DATASET CONTENT ->
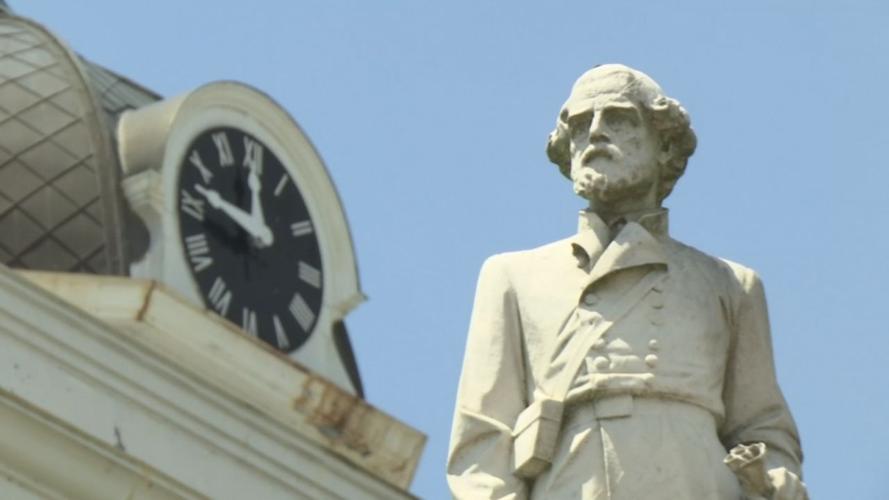 Lee Statue removed.png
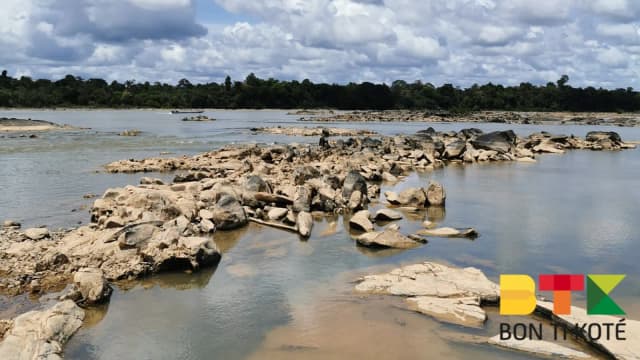 Le saut Hermina à Apatou, Apatou — photo 1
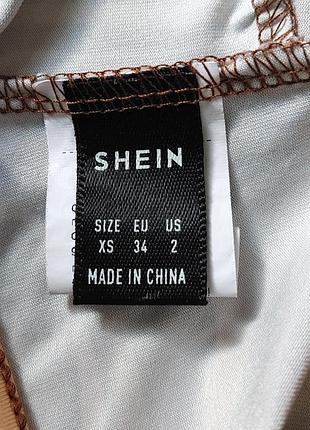 Укорочений топ з глибоким вирізом shein 5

ACTION ITEM -> Transcribe the data verbatim. No picture belongs in the result.

RESULT ->
 Lee Statue removed.png
 Le saut Hermina à Apatou, Apatou — photo 1
 Укорочений топ з глибоким вирізом shein 5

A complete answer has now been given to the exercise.